Work: The Madonna of Bruges

Copy of sculpture

Bruges Madonna (cast in plaster)

Copy

Dimensions
128 cm high
Material
alabaster plaster
Space
Renaissance

Original

Author
Michelangelo Buonarroti
Date
1501 - 1506
Period
Renaissance
Dimensions
128 cm high
Material
marble
Location
Church of Notre Dame, Bruges

Photo: Maurizio Bolognini. Museo Tattile Statale Omero Archive.

Description

The artwork is currently on loan to the Gorizian Museum. It will be part of the tactile gallery “Art Beyond the Visible” from March to December 2025, the year when Nova Gorica – Gorizia will be the European Capital of Culture.

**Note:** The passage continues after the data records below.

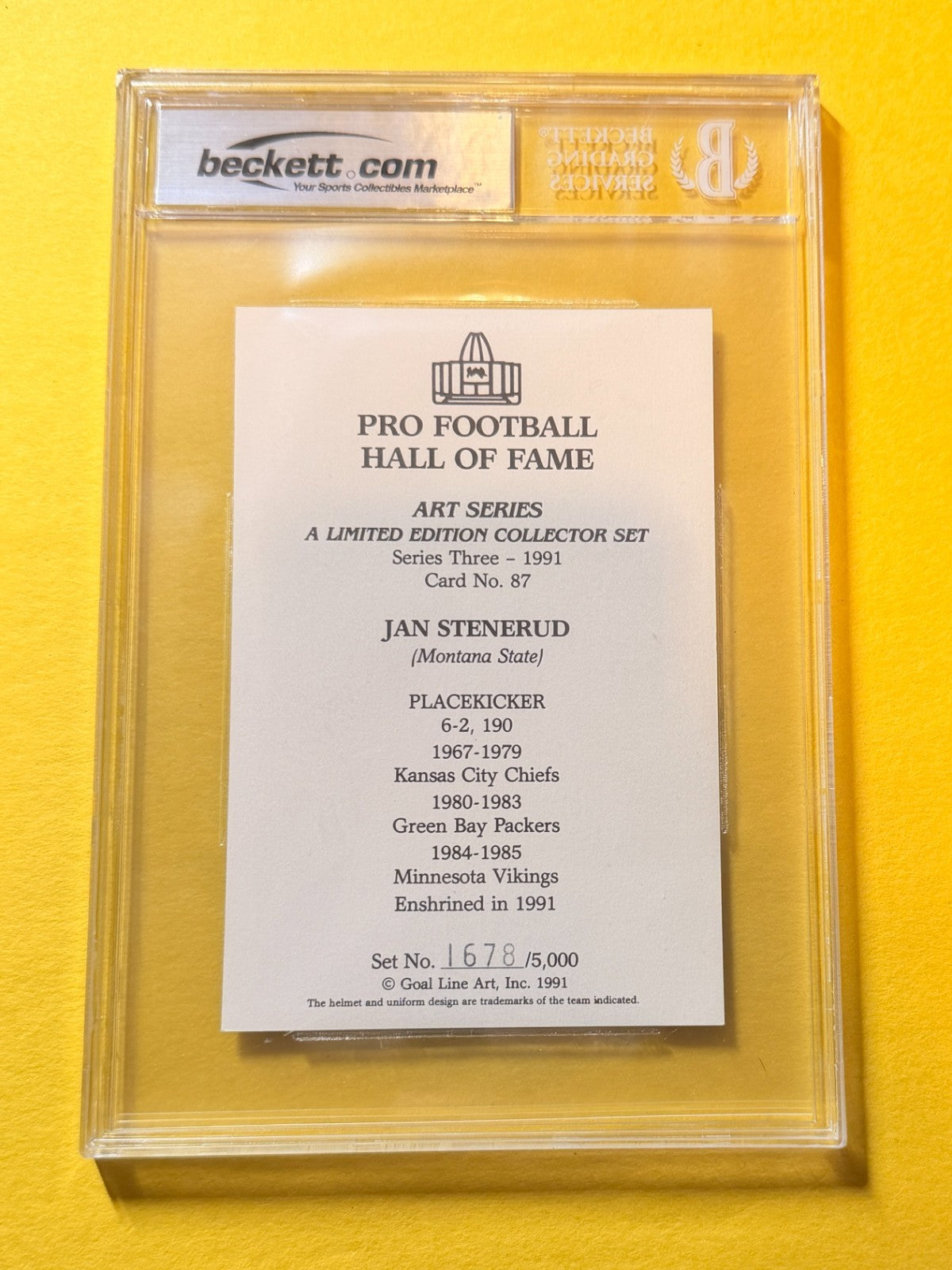1989 GOAL LINE HOF JAN STENERUD #87 SIGNED ART BECKETT AUTHENTIC 10 "HOF 91"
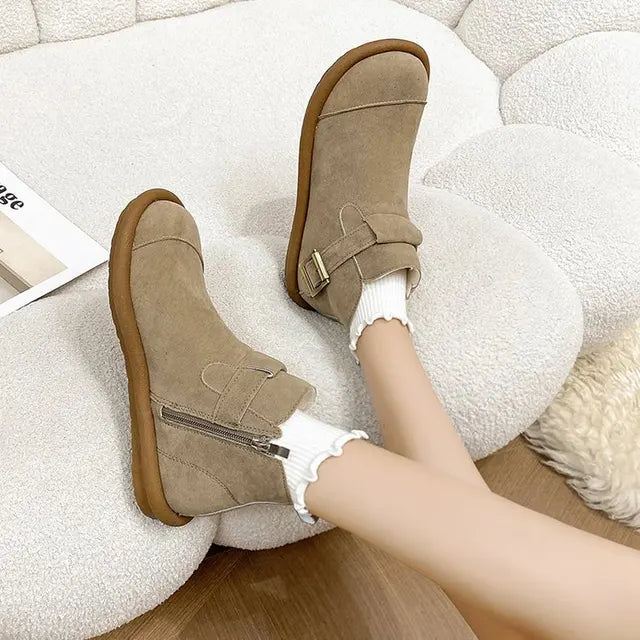 ANNIE | Retro Cowhide Casual Ankle Boots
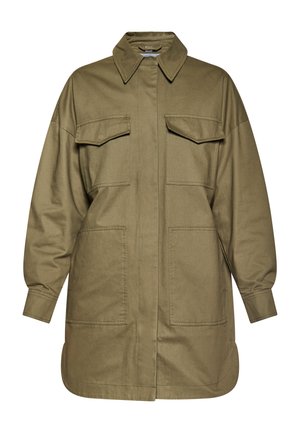 Olīvu zaļa garām piedurknēm jaka, izgatavota no auduma ar nedaudz teksturētu virsmu. Aprīkota ar divām krūšu kabatām un sānu kabatām. Klasiska apkakles dizains.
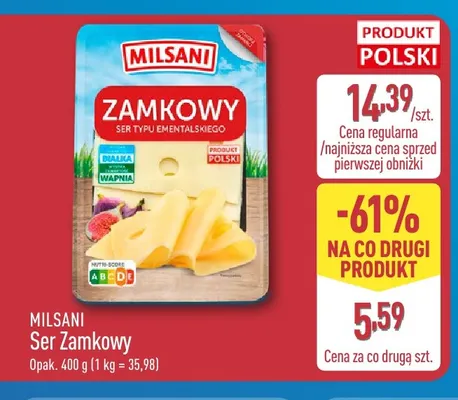 Ser Zamkowy w plastrach Milsani promocja w Aldi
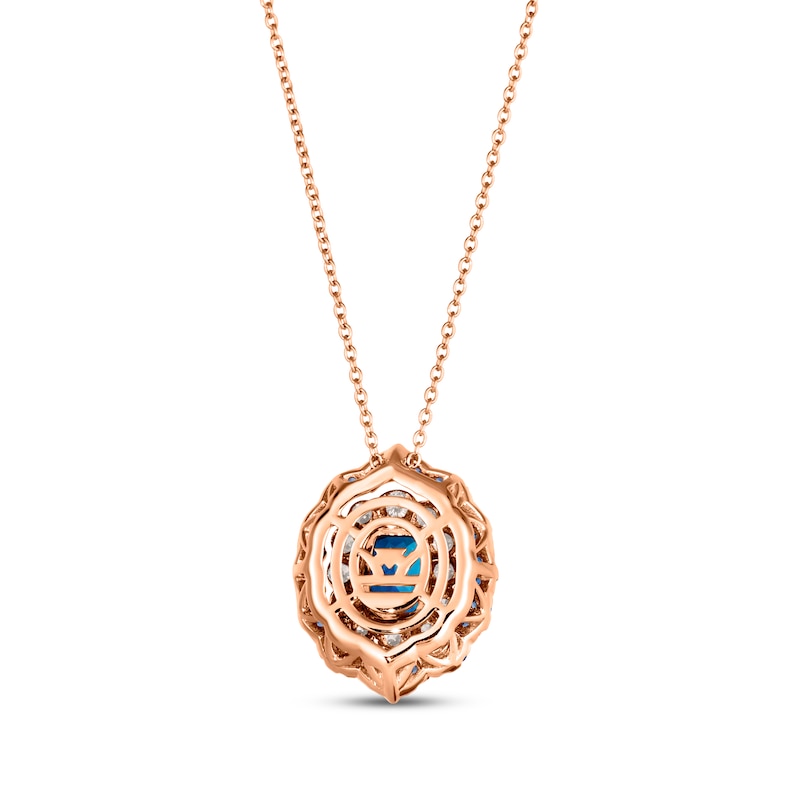 Le Vian Venetian Color on Color Blue Topaz Denim Ombre Necklace 1/3 ct tw Diamonds 14K Strawberry Gold 19"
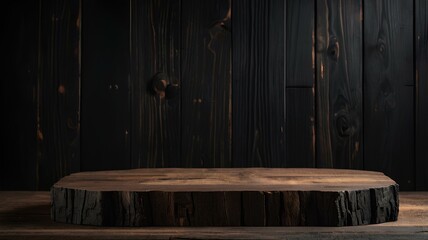 podium product background showing old black wood for presentation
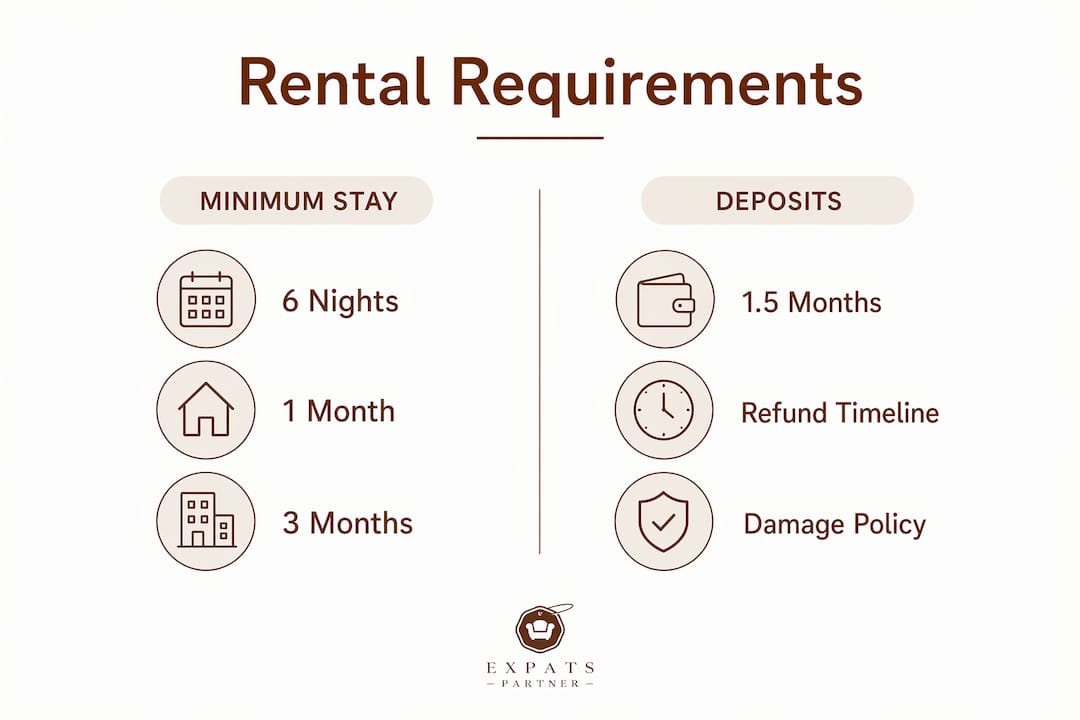 Infographic comparing minimum stays and deposit requirements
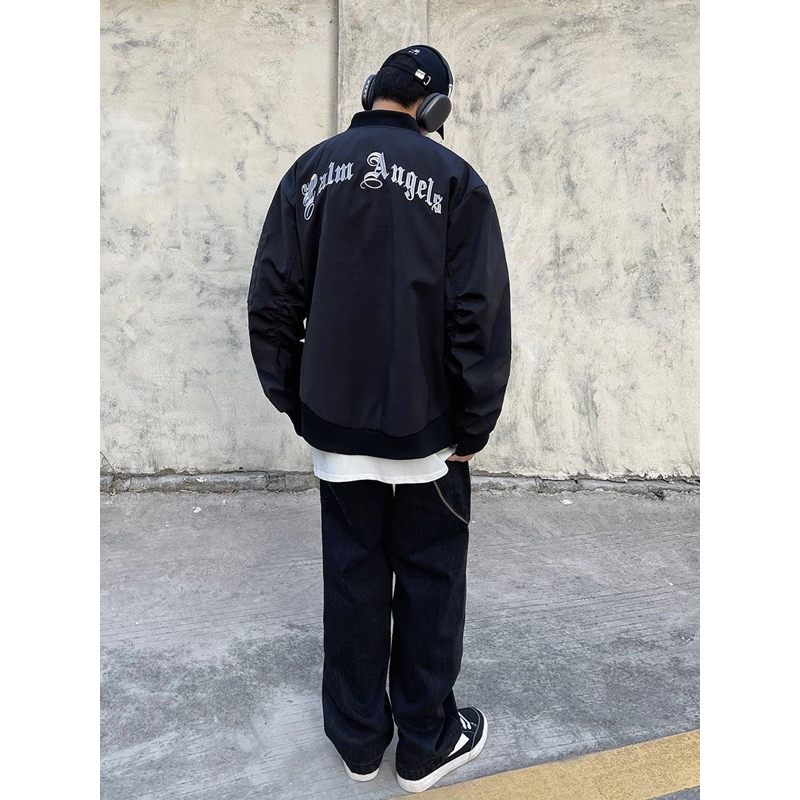 Áo khoác bomber hình thêu ngôi sao,phong cách đường phố unisex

In her work “Magnificat. An Encounter with Mary” (Frassinelli Editore, 2002), the poet Alda Marini celebrates the Mother of Jesus and mother of every man. The following is a short extract:
“She was of medium height and extraordinary beauty, her movements were those of a dancer in the presence of the sun. Her virginity was so maternal that all the children of the world would have loved to flow into her arms.”

This is the exquisite Madonna of Bruges, a marble statue sculpted by the young Michelangelo for the Belgian Mouscron family and originally destined for the family chapel in the Saint-Salvator Cathedral in Bruges. Michelangelo worked on the statue from 1503 to 1505 and it can now be seen in the Church of Our Lady in Bruges. The Museo Omero has a plaster copy.

The sculpture in the round (128 cm high) depicts the Virgin and the Baby Jesus. The composition of the group is based on the perfectly axial posture of the Virgin. The twisting movement that pervades the figure of the Child, standing between his mother’s knees, is the only dynamic flicker in an essentially static composition.
Our Lady does not smile but gazes into the void, as if foreseeing the drama of the Passion just as Jesus is starting to take his first steps into the world.
In the original, a Cherub, the symbol of “clear intelligence”, of the Virgin’s “gift of prophecy”, is engraved on the clasp of her dress.The notably geometrical drapery of Mary’s garment does not interfere with the simplicity of the sculpture, which makes this work a true masterpiece of Michelangelo’s oeuvre.